IMPORTANCE: Poor nutrition remains the leading modifiable risk factor for cardiovascular disease and its major risk factors, contributing to substantial morbidity, early disability, mortality, economic burdens, and health disparities in the US. Food is Medicine (FIM) is a growing movement that integrates food-based nutrition interventions into health care delivery to prevent, manage, and treat diet-related chronic diseases. Early research has indicated that FIM interventions including produce prescriptions, medically tailored groceries, and medically tailored meal are promising as cost-effective approaches to improve cardiovascular disease and associated health outcomes. Delivered in coordination with health care systems, FIM interventions are increasingly supported by federal and state legislative efforts, the latter via Medicaid Section 1115 waivers and in lieu of service pathways, as well as some private payers.
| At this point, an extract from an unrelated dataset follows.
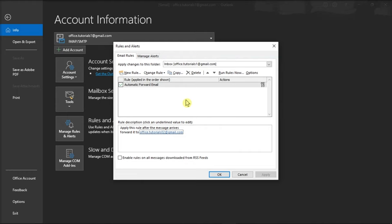That's how you can set up automatic forwarding in Microsoft Outlook. If you found this video helpful, please like and subscribe. You can also turn on the notification bell to be notified whenever we release new videos. See you next time.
OBSERVATIONS: Although coverage and policy pathways for FIM remain fragmented, cardiovascular specialists and other clinicians have an opportunity to play pivotal roles in operationalizing FIM in health systems through systematic screening for nutrition insecurity, risk stratification, closed-loop referral workflows, quality improvement through outcome measurement and monitoring, and patient education, as supported by electronic health record integration and multidisciplinary teams. Implementation science can assist clinicians in optimizing FIM delivery and scalability by standardizing eligibility criteria, intervention dose, duration of benefits, culturally tailored patient education, and clinician awareness. Clinician-initiated research, policy engagement, and health system leadership will also help to advance FIM, especially as a foundational component of value-based care delivery and health equity.
CONCLUSIONS AND RELEVANCE: FIM policies and clinical integration potentially offer an opportunity to address the root causes of cardiometabolic disease, better manage health care costs, and promote health equity. Continued research, policy reform, and clinician engagement are needed to realize the full potential of FIM in 21st century medical practice.